• [Data to process]
=== Begin Enclosure ===

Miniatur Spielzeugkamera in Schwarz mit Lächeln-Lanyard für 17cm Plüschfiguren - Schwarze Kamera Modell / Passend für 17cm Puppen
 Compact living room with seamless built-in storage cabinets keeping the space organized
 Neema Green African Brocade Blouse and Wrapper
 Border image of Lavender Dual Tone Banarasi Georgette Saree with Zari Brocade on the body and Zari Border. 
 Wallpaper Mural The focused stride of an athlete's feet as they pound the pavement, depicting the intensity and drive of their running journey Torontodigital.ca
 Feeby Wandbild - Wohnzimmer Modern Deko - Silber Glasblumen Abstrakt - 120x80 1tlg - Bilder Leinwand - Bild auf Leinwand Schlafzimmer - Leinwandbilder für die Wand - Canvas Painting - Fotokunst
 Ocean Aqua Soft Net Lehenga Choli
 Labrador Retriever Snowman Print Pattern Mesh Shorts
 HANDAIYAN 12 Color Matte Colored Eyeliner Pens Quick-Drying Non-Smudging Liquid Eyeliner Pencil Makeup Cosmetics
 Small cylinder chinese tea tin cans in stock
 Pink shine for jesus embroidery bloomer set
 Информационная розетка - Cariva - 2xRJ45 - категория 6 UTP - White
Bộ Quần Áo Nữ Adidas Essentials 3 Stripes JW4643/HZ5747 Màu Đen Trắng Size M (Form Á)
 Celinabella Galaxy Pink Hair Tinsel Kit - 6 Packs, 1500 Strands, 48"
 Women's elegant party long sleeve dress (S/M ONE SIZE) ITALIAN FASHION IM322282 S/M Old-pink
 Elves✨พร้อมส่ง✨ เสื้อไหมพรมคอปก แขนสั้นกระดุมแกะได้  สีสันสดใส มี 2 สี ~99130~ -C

=== End Enclosure ===

In the listing above, find the line containing "Bộ Quần Áo Nữ" and the line containing "Women's elegant party", then quote both, plus every line between them, exactly as written.

Bộ Quần Áo Nữ Adidas Essentials 3 Stripes JW4643/HZ5747 Màu Đen Trắng Size M (Form Á)
 Celinabella Galaxy Pink Hair Tinsel Kit - 6 Packs, 1500 Strands, 48"
 Women's elegant party long sleeve dress (S/M ONE SIZE) ITALIAN FASHION IM322282 S/M Old-pink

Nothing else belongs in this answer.